The Sky Is Everywhere

Starring: Grace Kaufman, Jacques Colimon, Cherry Jones, Jason Segal, Pico Alexander, and Havana Rose Lou.

Directed By: Josephine Decker

Where I Watched It: Apple Plus

English Audio Description Available?: Yes

The Plot: Lettie (Kaufman) is a talented teenager with dreams of Juilliard, but when her sister (Lou) suddenly drops dead during a high school performance, the introverted clarinet player is left trying to navigate her world without her extroverted other half. In this journey, she is accompanied by her Gran (Jones) as well as her pot smoking uncle (Segal), her sister’s surviving boyfriend (Alexander), and potentially a new love interest (Colimon). She’s also deeply obsessed with Wuthering Heights.

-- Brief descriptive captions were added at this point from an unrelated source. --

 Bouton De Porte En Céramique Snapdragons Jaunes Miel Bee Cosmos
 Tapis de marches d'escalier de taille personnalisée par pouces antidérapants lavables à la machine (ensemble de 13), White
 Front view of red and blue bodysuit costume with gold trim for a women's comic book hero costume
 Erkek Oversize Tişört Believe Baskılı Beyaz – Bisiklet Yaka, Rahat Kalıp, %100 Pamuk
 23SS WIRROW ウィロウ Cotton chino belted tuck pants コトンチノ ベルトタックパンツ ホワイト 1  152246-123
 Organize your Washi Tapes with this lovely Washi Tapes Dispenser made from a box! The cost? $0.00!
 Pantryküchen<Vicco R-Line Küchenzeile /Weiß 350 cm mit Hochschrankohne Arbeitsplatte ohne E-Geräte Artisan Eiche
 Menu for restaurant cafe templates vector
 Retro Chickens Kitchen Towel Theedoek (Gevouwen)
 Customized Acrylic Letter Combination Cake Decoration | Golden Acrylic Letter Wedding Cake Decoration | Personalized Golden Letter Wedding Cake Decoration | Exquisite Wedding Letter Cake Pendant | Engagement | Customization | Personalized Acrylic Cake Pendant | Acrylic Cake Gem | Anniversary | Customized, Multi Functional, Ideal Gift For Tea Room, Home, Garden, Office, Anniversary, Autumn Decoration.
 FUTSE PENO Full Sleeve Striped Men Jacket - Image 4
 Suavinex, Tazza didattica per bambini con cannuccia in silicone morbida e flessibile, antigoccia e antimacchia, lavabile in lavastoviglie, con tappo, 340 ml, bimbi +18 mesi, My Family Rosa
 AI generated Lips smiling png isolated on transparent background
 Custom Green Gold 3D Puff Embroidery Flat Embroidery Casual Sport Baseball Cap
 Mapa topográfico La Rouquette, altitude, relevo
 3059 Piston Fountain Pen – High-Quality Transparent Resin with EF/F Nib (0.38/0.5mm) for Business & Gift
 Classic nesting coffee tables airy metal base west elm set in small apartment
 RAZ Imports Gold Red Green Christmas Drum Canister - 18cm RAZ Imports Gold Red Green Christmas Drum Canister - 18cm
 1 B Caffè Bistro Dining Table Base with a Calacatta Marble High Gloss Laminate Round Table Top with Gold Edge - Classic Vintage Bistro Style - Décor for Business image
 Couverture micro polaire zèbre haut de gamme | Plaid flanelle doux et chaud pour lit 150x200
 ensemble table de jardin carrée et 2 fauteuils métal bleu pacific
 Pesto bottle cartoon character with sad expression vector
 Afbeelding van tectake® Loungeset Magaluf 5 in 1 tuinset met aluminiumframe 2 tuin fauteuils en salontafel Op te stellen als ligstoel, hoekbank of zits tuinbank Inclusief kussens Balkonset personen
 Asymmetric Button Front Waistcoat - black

What Works: First. Let me say. Everyone stop. Can we please, PLEASE, appreciate Cherry jones more as an actress? I really wanted her in the Supporting Actress race last year for The Eyes Of Tammy Faye. She’s one of those talents that can be in any movie, and the movie could be complete shit, and she’d still be amazing. She could be given the worst dialogue and she’ll make it hit like Shakespeare. I bow down to Cherry Jones. This film gets points just for having her.

I love movies about music. Not musicals, which I generally also like, but music. People who love music, study music, or perform music within the context of the film. So that element is appreciated by me personally. I will say that most of the actors work, especially the youth, which feel like youth. This film isn’t gunning for an Oscar. It just wants teenagers to like it. It wants to be the next Fault in Our Stars. That’s all.

Kaufman can be at times insufferable, but I think that’s the point. Her character goes through a wide range in her interactions with other characters. Her boy counterparts are more bland, but they do OK.

The Sky Is Everywhere tries to compensate with a story that feels like you’ve seen it before, by adding visual stylings to the film that will either work for you or not. At times they did…

What Doesn’t Work: …and at times they did not. Sometimes it tries too hard to be some quirky fantasy while also convincing you that these characters are in mourning, and it’s not in a What Dreams May Come kind of way. It’s far more fantastical than that. Some of it works, when used at the right time, and others just feel like they detract from their scenes.

Jason Segal is wasted here, probably quite literally. He needs better projects. His character offers nothing and brings very little to the structure of the film. if his character didn’t exist, the film would be the same.

There’s all this stuff with Toby, it just doesn’t work for me. If I explain it, it spoils the film, but Pico Alexander does fine with his role, it’s just these really bold, rather appalling choices they make that keep you from ever truly being able to relate to his character or his relationship to her sister. Then at times, he’s a potential love interest, and just none of it worked for me.

The odd thing about choices made, is that the film is written by the same person who wrote the novel from which the film is made. She’s adapting her own story, so it’s not that her film is poorly adapted, it’s that these elements just don’t work the way she wants them to on screen, or she’s not as good of a screenwriter as she is a novelist. Pick one.

I didn’t hate the film, and some of it works, and some of it doesn’t.

The Blind Perspective: Thumbs down to the audio description which does a poor job describing most of the quirky fantasy elements thrown into an otherwise normal story. Many things happen that just are not described at all, and some things are described so sporadically it makes the film feel more manic in nature than it is. Like, if the film had 20 fantasy sequences, it would feel like a real true fantasy to a visual audience. But if only five of those get audio described, they seem like bizarre choices for a film about death. I can’t always just praise all the time in this section simply for providing the audio description. It also has to be useful. I feel like this audio description definitely negatively impacted my ability to understand and enjoy the film, something I’m sure the director would not have wanted.

Final Thoughts: Admittedly, it is possible that if I could see, I would give a slightly higher grade, but not much. There are still some plot elements, and a Jason Segal character that just didn’t work for me. Should you see this? Maybe. It’s really up to you.